検証対象のウェブページを開き、WAVE (Chrome 拡張機能または Firefox 拡張機能) を起動します。あるいは、ウェブ版 WAVE で検証対象のウェブページにアクセスします。WAVE の「Reference」タブと「Structure」タブの間に、新しく「Order」タブが追加されているので、それを選択して「Order」パネルを開きます。

WAVE のフォーカス順序表示機能。
WAVE の「Order」パネルを開くことで見ることができる。
WAVE のフォーカス順序表示機能

WAVE の「Order」パネルには、Tab キーによるフォーカス対象の一覧が、フォーカス順序を示す番号とともに表示されます。一方、検証対象のウェブページには、WAVE が出力する各種アイコンと併せて、フォーカス順序の番号がオーバーレイ表示されます。WAVE の「Order」パネルの一覧にあるフォーカス対象のうちひとつをクリックすると、ウェブページ上のフォーカス順序番号表示の該当箇所が点滅によってハイライトされます。

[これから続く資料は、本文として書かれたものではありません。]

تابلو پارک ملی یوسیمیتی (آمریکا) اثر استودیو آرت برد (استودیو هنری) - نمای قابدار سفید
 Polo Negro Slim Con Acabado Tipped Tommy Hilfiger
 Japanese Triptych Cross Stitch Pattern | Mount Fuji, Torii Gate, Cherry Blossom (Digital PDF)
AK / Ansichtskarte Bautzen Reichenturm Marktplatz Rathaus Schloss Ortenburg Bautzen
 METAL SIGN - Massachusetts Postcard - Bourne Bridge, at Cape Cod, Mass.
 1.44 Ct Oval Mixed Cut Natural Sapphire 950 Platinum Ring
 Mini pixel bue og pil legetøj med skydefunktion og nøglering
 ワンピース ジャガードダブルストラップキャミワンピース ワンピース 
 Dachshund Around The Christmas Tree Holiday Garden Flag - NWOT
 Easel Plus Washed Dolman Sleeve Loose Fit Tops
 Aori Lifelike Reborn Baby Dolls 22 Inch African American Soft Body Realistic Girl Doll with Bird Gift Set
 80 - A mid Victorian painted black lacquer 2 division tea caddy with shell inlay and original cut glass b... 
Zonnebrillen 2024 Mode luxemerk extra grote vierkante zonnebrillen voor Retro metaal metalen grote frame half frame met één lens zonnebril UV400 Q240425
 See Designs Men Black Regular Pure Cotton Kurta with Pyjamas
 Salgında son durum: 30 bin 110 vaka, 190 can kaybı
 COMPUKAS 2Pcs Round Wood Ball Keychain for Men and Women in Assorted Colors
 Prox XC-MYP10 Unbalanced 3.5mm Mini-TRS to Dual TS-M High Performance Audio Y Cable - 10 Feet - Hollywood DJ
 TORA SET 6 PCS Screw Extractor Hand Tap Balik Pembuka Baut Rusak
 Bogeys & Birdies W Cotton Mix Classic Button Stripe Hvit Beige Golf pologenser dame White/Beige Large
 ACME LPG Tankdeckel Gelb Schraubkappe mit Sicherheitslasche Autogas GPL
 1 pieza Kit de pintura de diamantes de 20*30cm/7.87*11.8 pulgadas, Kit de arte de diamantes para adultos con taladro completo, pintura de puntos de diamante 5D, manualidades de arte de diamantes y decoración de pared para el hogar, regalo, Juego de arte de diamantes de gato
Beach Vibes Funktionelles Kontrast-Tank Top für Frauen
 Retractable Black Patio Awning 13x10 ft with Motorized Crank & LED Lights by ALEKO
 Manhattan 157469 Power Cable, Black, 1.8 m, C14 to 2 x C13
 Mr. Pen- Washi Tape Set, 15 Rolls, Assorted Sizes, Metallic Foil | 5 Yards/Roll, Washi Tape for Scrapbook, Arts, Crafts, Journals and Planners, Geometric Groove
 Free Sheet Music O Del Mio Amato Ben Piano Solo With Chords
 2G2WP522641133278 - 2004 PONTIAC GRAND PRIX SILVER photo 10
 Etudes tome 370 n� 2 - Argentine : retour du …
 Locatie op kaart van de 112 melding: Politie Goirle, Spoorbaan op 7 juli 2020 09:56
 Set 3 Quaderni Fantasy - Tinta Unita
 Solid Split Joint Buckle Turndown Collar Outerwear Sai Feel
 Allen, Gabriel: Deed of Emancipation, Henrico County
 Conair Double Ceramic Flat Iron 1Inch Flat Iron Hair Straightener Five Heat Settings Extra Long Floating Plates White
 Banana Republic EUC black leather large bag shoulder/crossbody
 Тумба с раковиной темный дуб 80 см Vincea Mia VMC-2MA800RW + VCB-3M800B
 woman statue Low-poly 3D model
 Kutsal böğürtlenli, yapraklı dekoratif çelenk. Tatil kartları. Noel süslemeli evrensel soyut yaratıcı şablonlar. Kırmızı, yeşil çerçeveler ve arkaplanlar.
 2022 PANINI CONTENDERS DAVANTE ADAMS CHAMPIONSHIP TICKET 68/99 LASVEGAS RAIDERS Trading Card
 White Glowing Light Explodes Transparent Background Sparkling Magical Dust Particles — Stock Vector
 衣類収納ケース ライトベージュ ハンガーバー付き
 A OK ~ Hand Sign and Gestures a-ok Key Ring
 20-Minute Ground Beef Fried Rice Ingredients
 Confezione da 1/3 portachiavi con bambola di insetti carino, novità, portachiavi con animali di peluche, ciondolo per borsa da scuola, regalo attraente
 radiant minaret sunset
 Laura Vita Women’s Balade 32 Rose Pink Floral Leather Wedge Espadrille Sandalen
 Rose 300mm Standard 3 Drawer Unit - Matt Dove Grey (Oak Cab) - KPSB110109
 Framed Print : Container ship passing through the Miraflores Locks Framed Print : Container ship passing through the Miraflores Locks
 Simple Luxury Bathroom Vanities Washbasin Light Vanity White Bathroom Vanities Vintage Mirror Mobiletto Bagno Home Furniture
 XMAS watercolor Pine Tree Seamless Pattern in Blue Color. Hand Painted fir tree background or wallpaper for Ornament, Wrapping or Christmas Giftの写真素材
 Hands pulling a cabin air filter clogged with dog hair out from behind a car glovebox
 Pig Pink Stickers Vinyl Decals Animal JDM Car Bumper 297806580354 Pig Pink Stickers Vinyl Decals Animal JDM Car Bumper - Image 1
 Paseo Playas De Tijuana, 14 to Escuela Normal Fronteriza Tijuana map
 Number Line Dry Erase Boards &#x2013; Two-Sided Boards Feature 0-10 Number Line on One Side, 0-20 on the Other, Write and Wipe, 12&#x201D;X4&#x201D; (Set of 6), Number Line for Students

このフォーカス順序番号表示は、以前ご紹介した Chrome 拡張機能「taba11y」と同様の機能と言えます。taba11y のほうがウェブページ上にオーバーレイされる番号表示が円形で目につきやすく、また各番号を順に線でつないで表示してくれるので (加えて、表示色、線の矢じりの有無、要素のハイライトなど、視認性のカスタマイズも可能)、フォーカス順序の流れを視覚的に捉えるには、WAVE よりも taba11y のほうが優れていると言えます。

taba11y のフォーカス順序表示。
フォーカス順序の流れを視覚的に捉えるには、WAVE よりも taba11y のほうが優れていると言える。
taba11y によるフォーカス順序表示

しかし、WAVE には「Order」パネルがあることで、以下の利点があります。

WAVE の「Order」パネル。
フォーカス対象一覧の各項目が、役割 (role) と名前 (name) で構成されており、視覚障害者が実際にスクリーンリーダーで Tab キーを押して取得する情報に近い感覚が得られる。
WAVE の「Order」パネル

レポートやプレゼンテーション資料などを作る際には taba11y を、フォーカス順序だけでなく各フォーカス対象の役割 (role) や名前 (name) も含めて検証したい場合は WAVE を、という具合に使い分けてみるのもよいかと思います。


この記事では、WAVE および taba11y による検証対象ウェブページのサンプルとして、有限会社時代工房さん制作の駒瑠市〜アクセシビリティ上の問題の体験サイト〜 を使わせていただきました。